Inserting older records into dimension than already inserted

Five Stars

Inserting older records into dimension than already inserted

Hello,

 

I am integrating data from 2 countries now and I have this problem.

Problem is that my scd start and scd end field get messed up in dimension having some SCD fields. (therefore I get duplicates in fact table)

So I made a visual example.

I load first country 2017 then 2018. And after that I load second country 2017. (I cannot load all years at once because of the volume).

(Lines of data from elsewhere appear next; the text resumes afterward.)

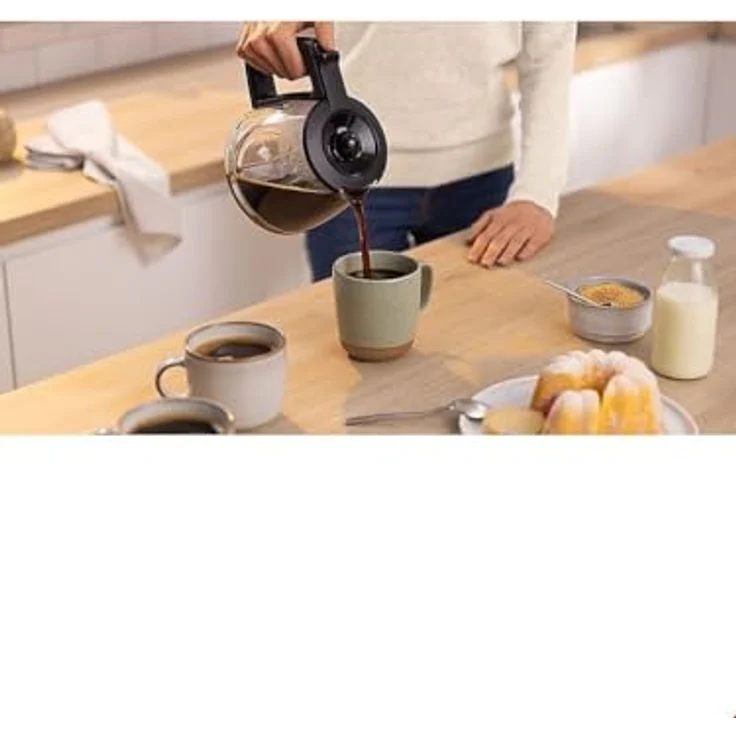 BOSCH Filterkaffeemaschine Elektrische Kaffeemaschine BOSCH TKA4M233 1200 W, Schwarz, 15 Tassen – Bild 8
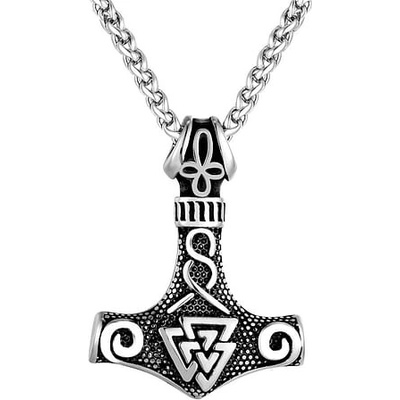 imago Přívěsek Viking Thorovo kladivo Valknut FC59183X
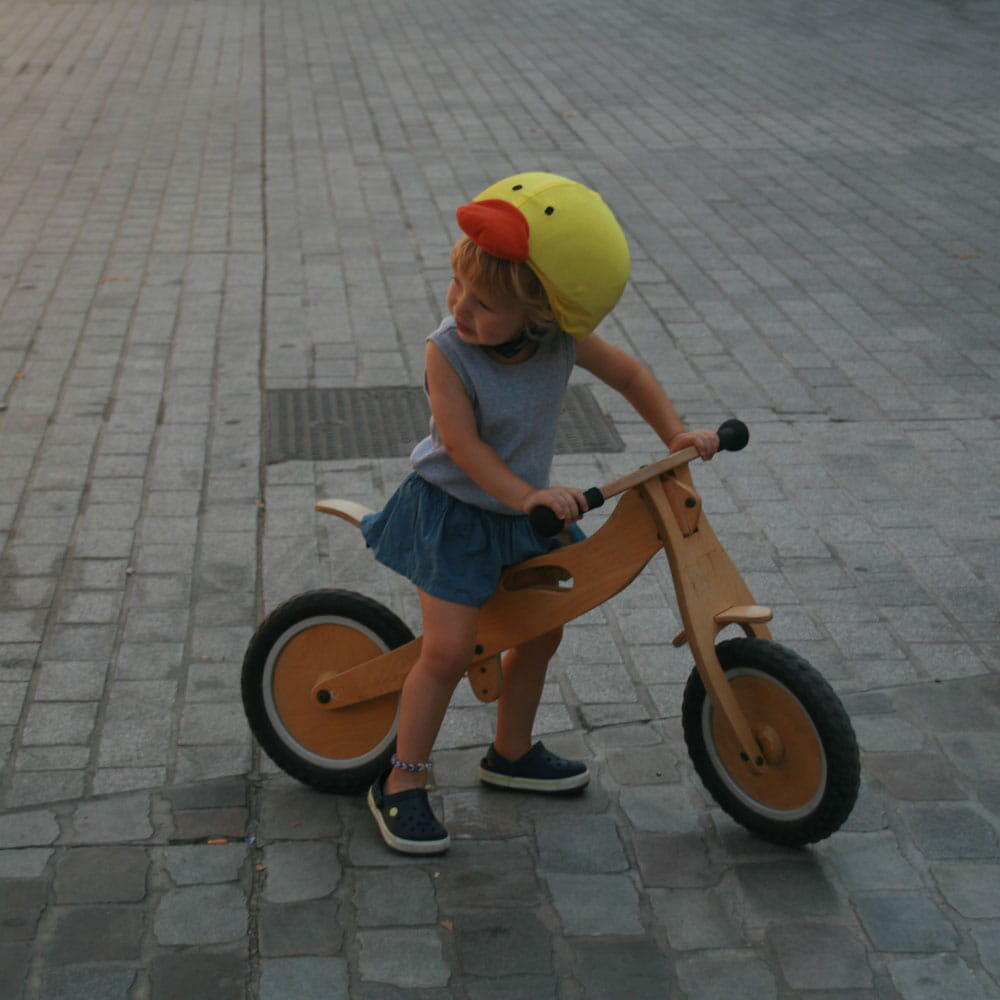 Housse de casque fantaisie - Coolcasc - Canard jaune - Taille unique 7/7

This is what I get:

 

scd_start           scd_end      version        Active             surrogate_Key_UUID                              business_key        SCD_Attribute    Country
2017-02-20    2018-02-12       1               false      9a5d41b5-5db8-43fa-922e-21e30addee1f        A001                        333                UK
2018-02-12    2017-01-09       2               false      2dc88bf2-20c9-48ec-b6ad-f2407f8d77a4          A001                        444                UK
2017-01-09    9999-12-31       3                true       aaaa8732-a49f-41bd-8e19-3ad7deefb062        A001                        333                USA

 

As you can see, because I am loading older data than already is there, I get scd_end older that scd_new.

 

I want to ask, if you can help me solve this issue?

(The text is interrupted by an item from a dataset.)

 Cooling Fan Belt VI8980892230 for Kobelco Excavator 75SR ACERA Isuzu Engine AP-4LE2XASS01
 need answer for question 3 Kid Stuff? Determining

PS. I don't want to used SCD component from talend, so I need to do this with SQL logic.

What checks should I implement and how to do the updates?

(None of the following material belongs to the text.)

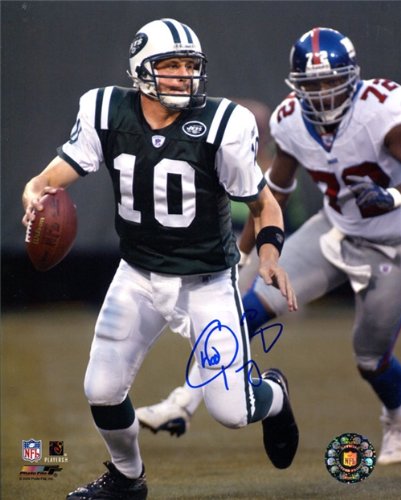 Chad Pennington Autographed/Hand Signed New York Jets 8x10 Photo
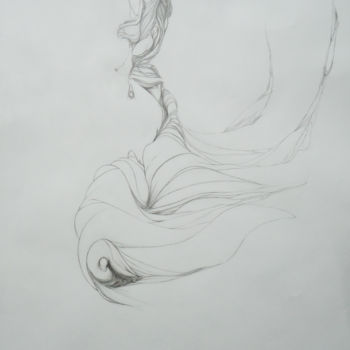 Dessin intitulée "NATURE PRESQUE MORTE" par Véronique Ducreux, Œuvre d'art originale, Crayon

If there is already some written material to this issue, could you please refer me?

 

Thank you very much!

Highlighted
Sixteen Stars

Re: Inserting older records into dimension than already inserted

This is an old problem that I can remember experiencing in the days that I used pure SQL for DI (....with maybe a bit of Informatica later on). Essentially you need to handle this yourself very strictly. I don't believe that the SCD component will do it for you (I may be wrong about that). 

 

Essentially you need to check....

1) Is my record part of an existing dimension? If it is not, then just add it with a "end of time" end date. If it is, goto the next step.

2) Is my record's start date after the last record's start date? If yes, treat it as a normal new record. If not, goto the next step.

3) Is my record's start date older than the oldest record's (of that dimension) start date? If so, add your record and edit the currently oldest record's start date to be the end date of the new record. Done. If not, goto the next step.

4) If you've got this far you are essentially slotting your new record inbetween others in your dimension. You will need to either split a single record into 2 (if the new record's start date is after the old record's start date AND the new record's end date is before the old record's end date) OR have to end a record earlier and start the currently following record later (according to your new record's start and end dates).

 

This is not easy, but as long as you follow those rules (I think I have covered them all), you should be OK.